Introduction
Introduction Statistics Contact Development Disclaimer Help
# taz.de -- Berlin-Konzert von LCD Soundsystem: Im Promo-Purgatorium
> Wer die New Yorker Dancepunkband LCD Soundsystem am Montag in Berlin live
> sehen wollte, musste erst durch ein Werbetribunal.
Bild: James Murphy von LCD Soundsystem am Montagabend im Funkhaus Nalepastraße…
„Sich um etwas bemühen“ – so definiert das etymologische Wörterbuch den
Eintrag „werben“. Das wäre eine wahre Untertreibung für das, was sich am
Montagabend im Funkhaus Nalepastraße im Berliner Stadtteil Oberschöneweide
zugetragen hat: ein wahres Werbetribunal.

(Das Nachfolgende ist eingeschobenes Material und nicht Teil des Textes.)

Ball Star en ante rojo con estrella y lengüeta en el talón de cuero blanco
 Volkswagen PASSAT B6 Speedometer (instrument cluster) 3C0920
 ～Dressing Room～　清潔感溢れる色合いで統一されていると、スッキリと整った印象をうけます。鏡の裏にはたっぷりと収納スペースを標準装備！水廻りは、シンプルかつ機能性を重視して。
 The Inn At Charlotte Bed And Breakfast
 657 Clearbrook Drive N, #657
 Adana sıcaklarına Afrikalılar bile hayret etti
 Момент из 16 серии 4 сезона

Als stünden die letzten Stunden des Kapitalismus bevor, betrat ein
US-Moderator namens Luke Wood die Bühne und pries in einer zirka
zweistündigen Dauerwerbeschleife Kopfhörer an – das Premium-Produkt seiner
mit Apple zusammenhängenden Firma Beats By Dr. Dre. Dre war verhindert;
Wood, sein Vertreter, eine Kreuzung aus Claus Strunz und L. Ron Hubbard,
hatte viele beschwörende Power-Point-Formeln parat: „And I really mean it“,
unterstrich er immer wieder das bereits Gesagte.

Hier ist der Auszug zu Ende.